E-mail: [email protected]

Telephone: +1 416-648-1626

Mail: 220 Bay Street, Suite 550, Toronto, Ontario, M5J 2W4

Requests for paper copies of this Circular (and any other related documents) must be received by no later than 12:00 noon (Toronto time) on December 8, 2020 in order for Shareholders to receive paper copies of such documents and return their completed proxies by the deadline for proxy submission of 11:00 a.m. (Toronto time) on December 15, 2020.

While it is expected that the solicitation will be primarily by mail, proxies may be solicited personally or by telephone or electronically by the directors and regular employees of the Company or other proxy solicitation services.

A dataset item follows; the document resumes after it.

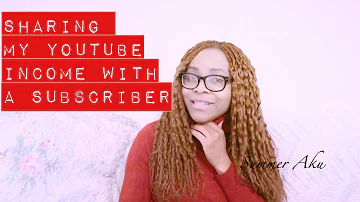 Announcing The Name Of The Subscriber I'm Sharing My Youtube Income With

All costs of solicitation will be borne by the Company.

Advice To Registered Shareholders

Shareholders whose names appear on the records of the Company as the registered holders of common shares in the capital of the Company (the “ Registered Shareholders ”) are encouraged to vote by proxy.

Registered Shareholders who choose to submit a proxy may do so by completing, signing, dating and depositing the proxy with TSX Trust, at Suite 301, 100 Adelaide Street West, Toronto, Ontario, M5H 4H1, not less than 48 hours (excluding Saturdays, Sundays and holidays) before the time of the Meeting or any adjournment thereof. The proxy may be signed by the Shareholder or by his or her attorney in writing, or, if the Registered Shareholder is a corporation, it must either be under its common seal or signed by a duly authorized officer.

Advice To Beneficial Shareholders

The information set forth in this section is of significant importance to many Shareholders as a substantial number of Shareholders do not hold shares in their own name.

Shareholders who do not hold their shares in their own name (the “ Beneficial Shareholders ”) should note that only proxies deposited by Registered Shareholders can be recognized and acted upon at the Meeting.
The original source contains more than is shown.